→ **What the exercise asks**: Give the data below again exactly as written, but without the pictures.

→ **Data**:
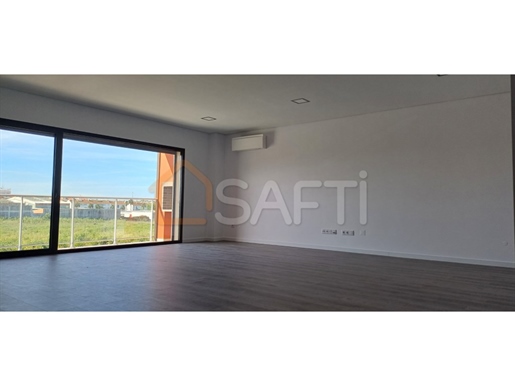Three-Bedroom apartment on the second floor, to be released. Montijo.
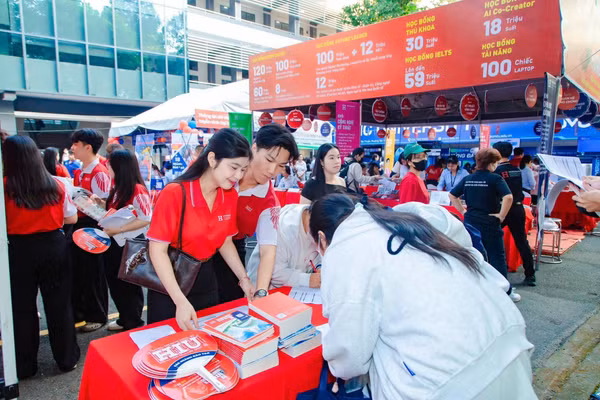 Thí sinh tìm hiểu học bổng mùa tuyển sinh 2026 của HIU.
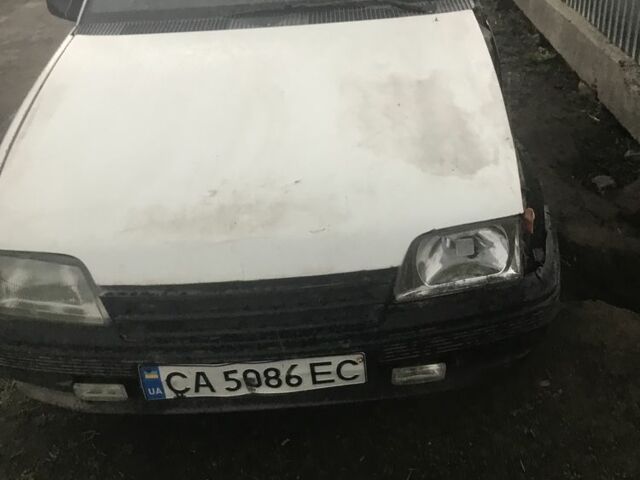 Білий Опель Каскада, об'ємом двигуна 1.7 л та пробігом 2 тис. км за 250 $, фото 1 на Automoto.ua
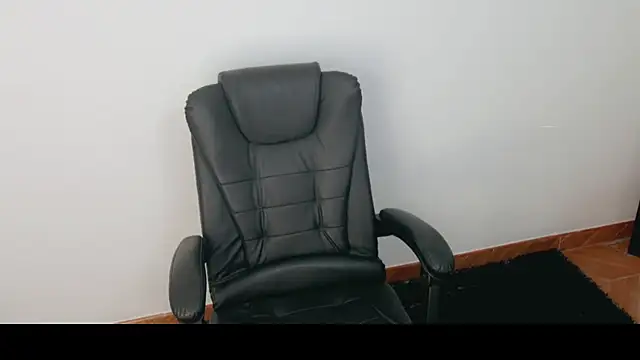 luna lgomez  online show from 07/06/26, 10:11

→ **Completed exercise**:
Three-Bedroom apartment on the second floor, to be released. Montijo.
 Thí sinh tìm hiểu học bổng mùa tuyển sinh 2026 của HIU.
 Білий Опель Каскада, об'ємом двигуна 1.7 л та пробігом 2 тис. км за 250 $, фото 1 на Automoto.ua
 luna lgomez  online show from 07/06/26, 10:11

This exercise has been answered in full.